__What to produce__. Check every line of the records below for the string "Soft" and copy the ones that have it.

(Recorded data)
Segment Open

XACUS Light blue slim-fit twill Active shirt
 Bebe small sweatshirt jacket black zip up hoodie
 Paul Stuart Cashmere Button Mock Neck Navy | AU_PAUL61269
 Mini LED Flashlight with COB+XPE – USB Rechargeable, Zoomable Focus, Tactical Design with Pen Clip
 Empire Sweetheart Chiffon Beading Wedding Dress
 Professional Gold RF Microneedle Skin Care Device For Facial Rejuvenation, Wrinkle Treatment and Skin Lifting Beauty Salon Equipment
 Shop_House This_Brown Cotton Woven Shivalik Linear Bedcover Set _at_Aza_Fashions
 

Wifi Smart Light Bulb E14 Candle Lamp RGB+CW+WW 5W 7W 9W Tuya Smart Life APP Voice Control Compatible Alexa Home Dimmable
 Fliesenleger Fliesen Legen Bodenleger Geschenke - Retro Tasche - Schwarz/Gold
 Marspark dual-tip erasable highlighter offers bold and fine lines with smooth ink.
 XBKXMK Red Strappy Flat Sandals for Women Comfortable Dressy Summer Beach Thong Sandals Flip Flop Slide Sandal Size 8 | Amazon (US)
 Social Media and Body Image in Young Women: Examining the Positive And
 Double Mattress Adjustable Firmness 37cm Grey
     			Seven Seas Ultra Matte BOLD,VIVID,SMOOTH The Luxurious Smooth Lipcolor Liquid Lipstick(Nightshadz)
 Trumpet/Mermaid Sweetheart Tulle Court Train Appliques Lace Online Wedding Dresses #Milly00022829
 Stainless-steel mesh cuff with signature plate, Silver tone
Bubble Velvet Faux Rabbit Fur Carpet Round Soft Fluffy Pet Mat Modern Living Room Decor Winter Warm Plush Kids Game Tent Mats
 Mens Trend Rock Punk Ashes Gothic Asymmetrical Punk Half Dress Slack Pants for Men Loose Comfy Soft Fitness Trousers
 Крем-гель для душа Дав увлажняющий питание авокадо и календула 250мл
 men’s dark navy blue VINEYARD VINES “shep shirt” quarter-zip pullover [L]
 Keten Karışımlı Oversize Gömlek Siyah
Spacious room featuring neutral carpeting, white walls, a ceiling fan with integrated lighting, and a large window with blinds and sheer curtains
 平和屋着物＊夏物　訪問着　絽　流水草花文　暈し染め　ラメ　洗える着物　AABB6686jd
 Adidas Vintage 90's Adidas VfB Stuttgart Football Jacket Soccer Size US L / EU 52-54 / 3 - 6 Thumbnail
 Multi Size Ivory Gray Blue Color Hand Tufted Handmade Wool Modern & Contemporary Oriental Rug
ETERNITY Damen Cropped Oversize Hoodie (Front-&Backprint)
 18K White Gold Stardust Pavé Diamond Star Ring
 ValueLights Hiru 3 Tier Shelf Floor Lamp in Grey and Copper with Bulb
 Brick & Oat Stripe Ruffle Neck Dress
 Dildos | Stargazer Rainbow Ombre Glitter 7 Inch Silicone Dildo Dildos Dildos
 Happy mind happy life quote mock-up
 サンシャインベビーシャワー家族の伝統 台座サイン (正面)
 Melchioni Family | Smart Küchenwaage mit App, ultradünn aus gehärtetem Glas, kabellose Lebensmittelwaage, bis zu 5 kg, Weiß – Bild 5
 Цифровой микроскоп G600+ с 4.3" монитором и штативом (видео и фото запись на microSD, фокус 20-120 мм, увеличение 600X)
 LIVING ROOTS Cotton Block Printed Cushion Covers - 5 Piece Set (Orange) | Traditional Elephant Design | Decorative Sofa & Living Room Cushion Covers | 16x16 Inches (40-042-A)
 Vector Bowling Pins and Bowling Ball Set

Segment Closed

__Written answer__.
Bubble Velvet Faux Rabbit Fur Carpet Round Soft Fluffy Pet Mat Modern Living Room Decor Winter Warm Plush Kids Game Tent Mats
 Mens Trend Rock Punk Ashes Gothic Asymmetrical Punk Half Dress Slack Pants for Men Loose Comfy Soft Fitness Trousers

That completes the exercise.